Contro l'inflazione le donne oziose tornino all'antica arte del pelapatate
“Credo che si debba reimparare a cucinare ingredienti crudi, per evitare di acquistare prodotti già pronti, più costosi”. Ha ragione la ministra francese Olivia Grégoire: basta con queste donne scioperate che anziché spignattare comprano tutto in gastronomia. Lo dice anche un capo di Auchan France, all’apparenza contro il proprio interesse
Ha ragione la ministra, basta con queste donne scioperate che anziché spignattare comprano tutto in gastronomia. Io l’ho sempre pensato e qualche volta l’ho pure detto, sebbene con minor riscontro mediatico: niente cibo di gastronomia a casa mia! Fuori i piatti pronti dal tempio! Niente cannelloni, crespelle e scaloppine in quelle brutte vaschette di alluminio! Di più: niente minestroni già preparati, insalate già tagliate, formaggio già grattugiato! Adesso lo dice anche la ministra francese del Commercio, Olivia Grégoire, una politica macroniana e però cattolica e realista. Una macroniana e però una donna a cui secondo me piace mangiare (Brigitte Macron pur avendo 25 anni di più pesa, a giudicare dalle foto, 25 chili di meno, e nessuno può essere così magro se mangia davvero e beve davvero). Una macroniana e però una donna che parla alla Francia profonda giacché la stuzzicante intervista l’ha rilasciata a un giornale di Bordeaux, provincia vinosa. Come se Urso o Lollobrigida privilegiassero, per le loro dichiarazioni, la Gazzetta di Alba…

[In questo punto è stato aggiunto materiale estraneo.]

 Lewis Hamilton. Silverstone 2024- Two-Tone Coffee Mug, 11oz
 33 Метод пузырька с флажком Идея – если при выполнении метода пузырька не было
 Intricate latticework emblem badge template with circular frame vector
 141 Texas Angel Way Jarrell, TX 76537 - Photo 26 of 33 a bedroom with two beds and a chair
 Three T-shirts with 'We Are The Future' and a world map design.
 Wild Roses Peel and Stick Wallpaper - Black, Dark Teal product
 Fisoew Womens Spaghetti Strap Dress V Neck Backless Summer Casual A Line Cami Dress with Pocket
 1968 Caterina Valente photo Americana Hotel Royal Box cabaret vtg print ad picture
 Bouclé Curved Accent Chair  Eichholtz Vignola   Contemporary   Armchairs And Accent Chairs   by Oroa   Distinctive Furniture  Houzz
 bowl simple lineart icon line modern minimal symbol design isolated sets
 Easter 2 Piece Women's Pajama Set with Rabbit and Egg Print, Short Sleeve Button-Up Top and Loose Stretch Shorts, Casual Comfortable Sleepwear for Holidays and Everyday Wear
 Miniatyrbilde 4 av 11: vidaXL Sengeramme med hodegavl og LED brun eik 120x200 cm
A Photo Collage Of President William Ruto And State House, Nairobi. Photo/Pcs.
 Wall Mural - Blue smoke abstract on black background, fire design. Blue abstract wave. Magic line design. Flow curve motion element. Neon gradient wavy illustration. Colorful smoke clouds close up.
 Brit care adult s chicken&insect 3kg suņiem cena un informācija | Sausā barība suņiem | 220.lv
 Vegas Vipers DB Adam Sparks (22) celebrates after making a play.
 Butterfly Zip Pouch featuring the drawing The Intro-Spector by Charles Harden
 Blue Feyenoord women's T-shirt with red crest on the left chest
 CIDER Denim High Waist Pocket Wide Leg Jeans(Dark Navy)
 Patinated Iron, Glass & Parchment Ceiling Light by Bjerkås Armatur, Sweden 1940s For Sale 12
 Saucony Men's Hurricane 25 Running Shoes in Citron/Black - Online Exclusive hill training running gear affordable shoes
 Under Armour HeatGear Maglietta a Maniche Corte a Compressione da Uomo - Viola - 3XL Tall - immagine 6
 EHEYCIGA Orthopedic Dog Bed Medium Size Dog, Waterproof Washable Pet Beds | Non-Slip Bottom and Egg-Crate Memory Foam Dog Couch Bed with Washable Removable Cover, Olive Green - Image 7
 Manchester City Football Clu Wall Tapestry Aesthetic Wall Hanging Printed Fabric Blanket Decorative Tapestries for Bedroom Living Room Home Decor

“Credo che si debba reimparare a cucinare ingredienti crudi, per evitare di acquistare prodotti già pronti, più costosi”. Sono saggi consigli di economia domestica quelli della ministra. Non ci vuole la scienza, è sufficiente il buon senso, che il prezzo di un prodotto lavorato contenga il costo del lavoro dovrebbe essere chiaro a chiunque. Basta con le donne pigre che hanno dimenticato l’esistenza del pelapatate. Lo ha sostenuto anche un capo di Auchan France, all’apparenza contro il proprio interesse: “Il primo baluardo contro l’inflazione è la capacità di sbucciare le verdure”. Che poi cos’hanno di meglio da fare, le infingarde, mica l’ho capito. Guardare la televisione? Giocare a burraco? Portare a spasso il cane? L’Europa è piena di pensionate, di disoccupate, di non troppo occupate (lavoro pubblico…). L’Italia è più piena ancora. Il sud Italia non ne parliamo proprio. E allora perché caspita non cucinano, le fannullone? Io ho intuito che la situazione stava precipitando quando ho assistito al proliferare e all’affollarsi delle gastronomie pugliesi. Ma come, nella regione in cui le signore menavano vanto di saper fare orecchiette e strascinati? In un contesto di piccole città dove la vita scorre lenta e il tempo abbonda? Storie vecchie, stereotipi obsoleti: oggi anche in Puglia le nonne sono morte, le mamme non si sentono tanto bene e le figlie vanno ai corsi di yoga. Esattamente come a Milano e a Parigi.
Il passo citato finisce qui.